= To do =
The copy you give must match the lines from the top of the data through the line containing "Dámská kožená prolamovaná" exactly, and it must hold no pictures.

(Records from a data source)
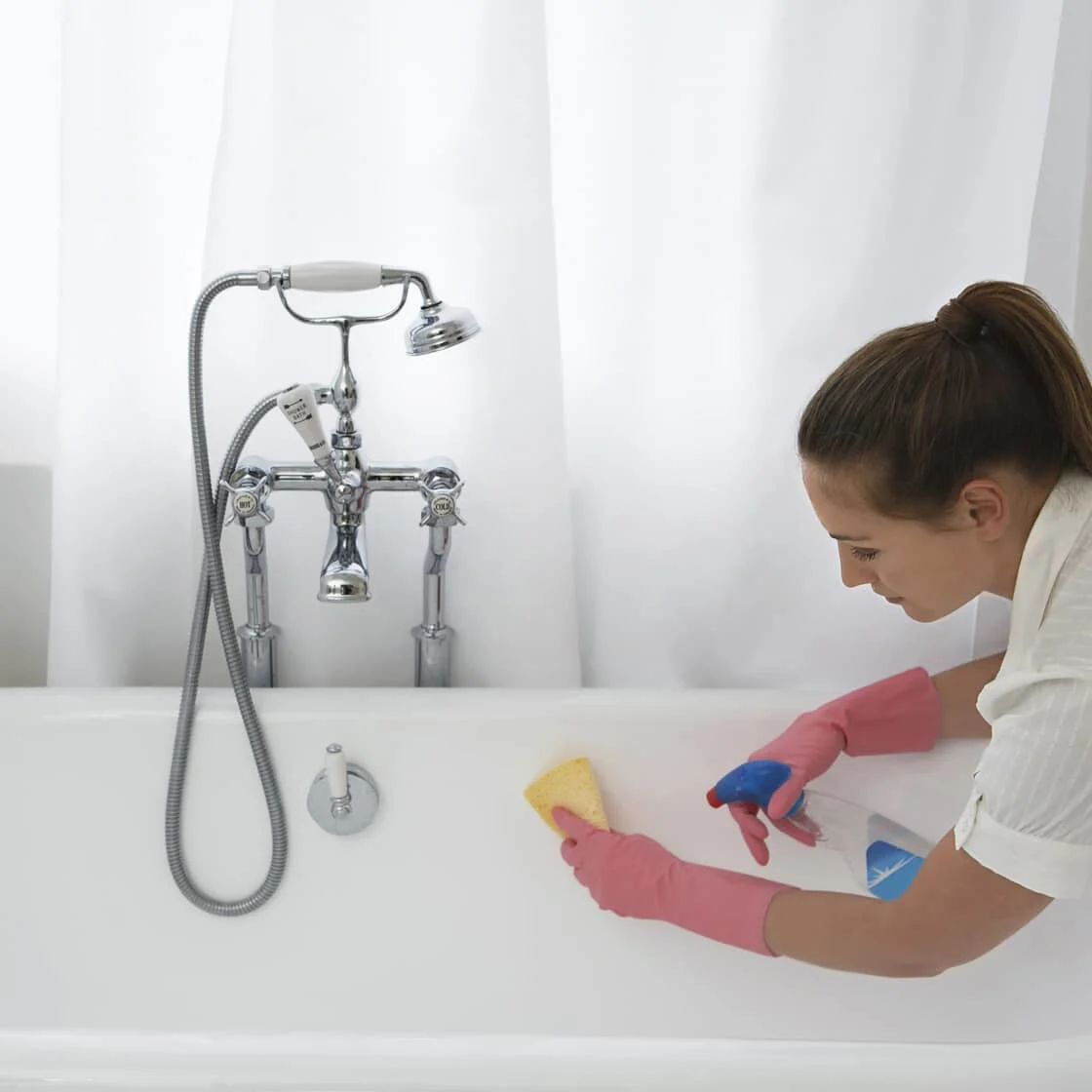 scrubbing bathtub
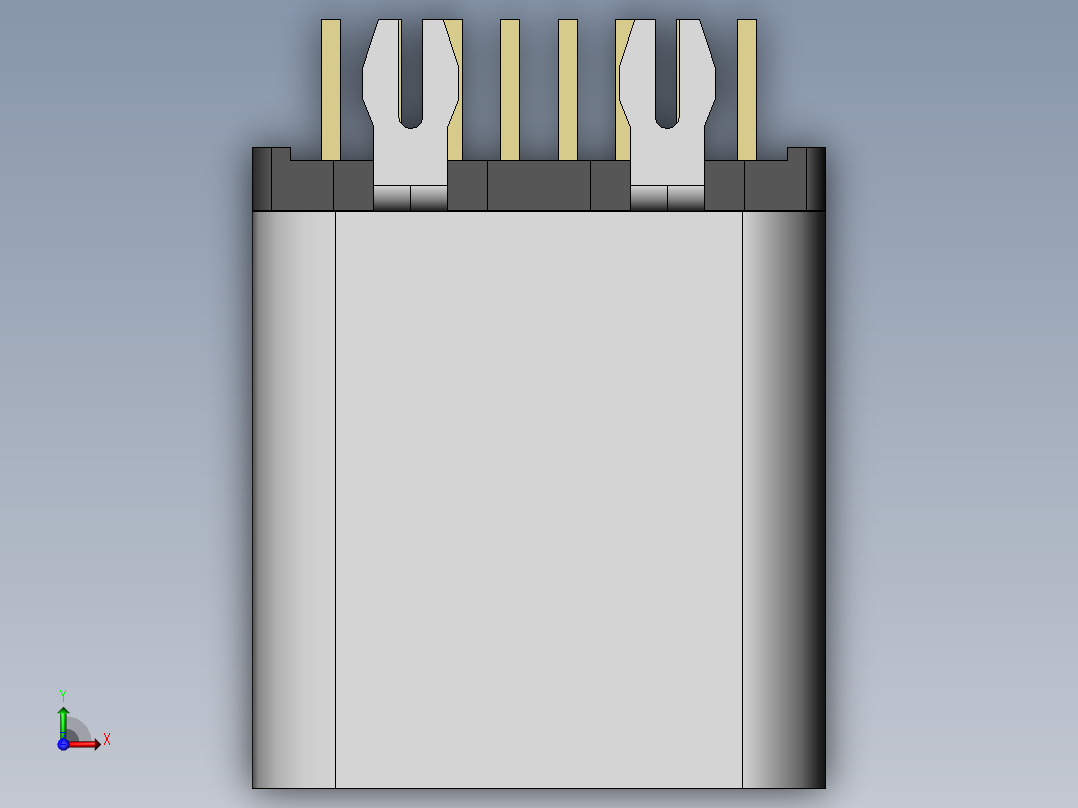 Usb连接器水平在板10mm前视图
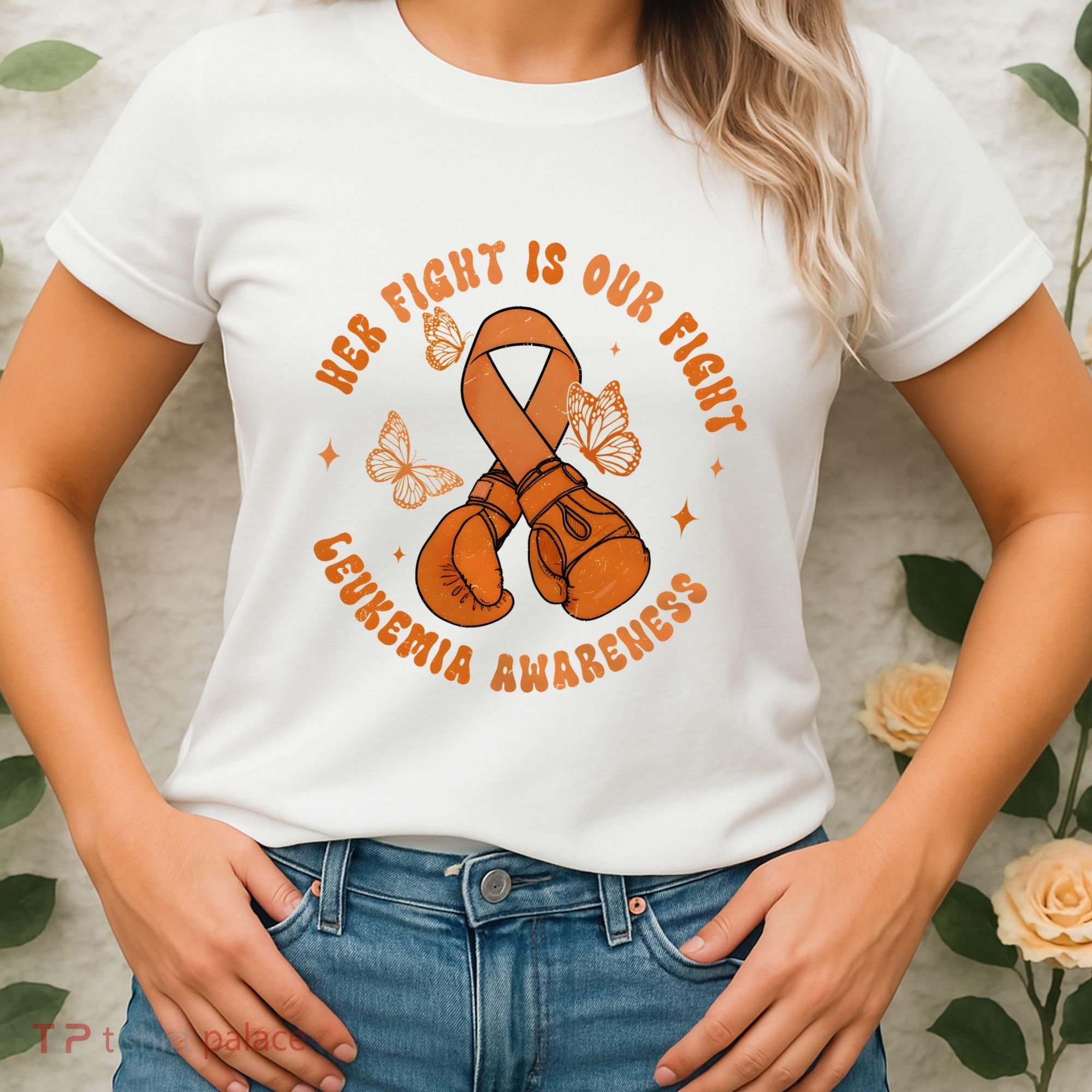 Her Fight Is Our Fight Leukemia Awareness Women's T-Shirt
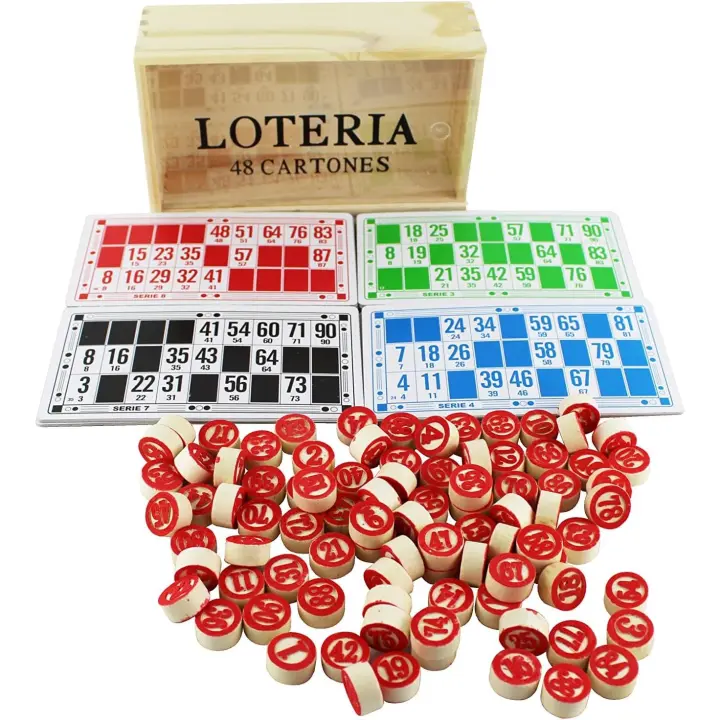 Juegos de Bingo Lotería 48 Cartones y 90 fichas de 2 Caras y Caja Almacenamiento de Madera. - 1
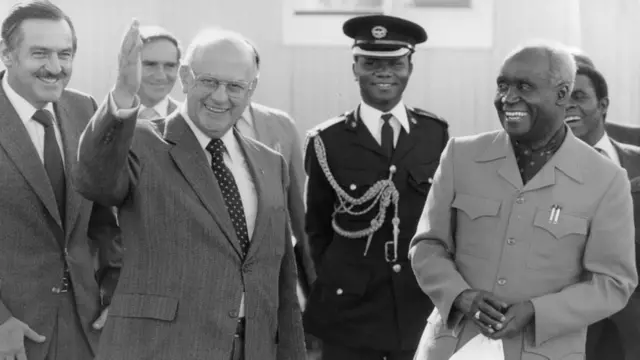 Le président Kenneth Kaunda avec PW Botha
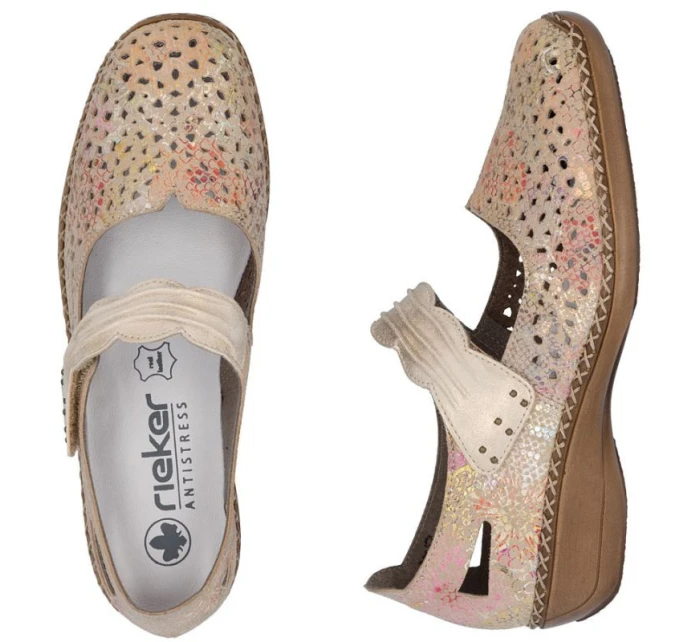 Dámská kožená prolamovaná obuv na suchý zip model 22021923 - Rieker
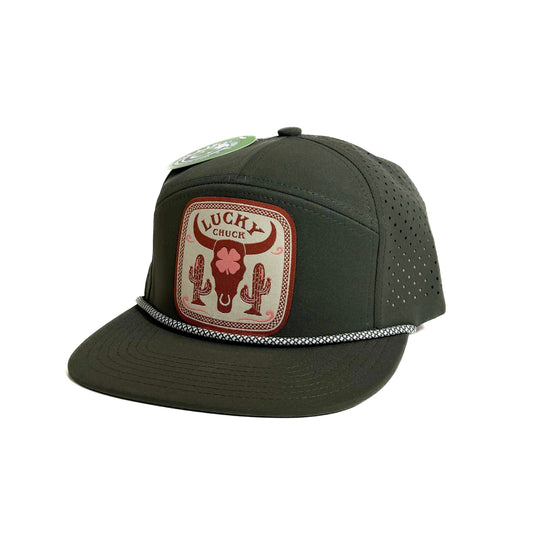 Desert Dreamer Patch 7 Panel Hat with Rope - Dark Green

= Task output =
 scrubbing bathtub
 Usb连接器水平在板10mm前视图
 Her Fight Is Our Fight Leukemia Awareness Women's T-Shirt
 Juegos de Bingo Lotería 48 Cartones y 90 fichas de 2 Caras y Caja Almacenamiento de Madera. - 1
 Le président Kenneth Kaunda avec PW Botha
 Dámská kožená prolamovaná obuv na suchý zip model 22021923 - Rieker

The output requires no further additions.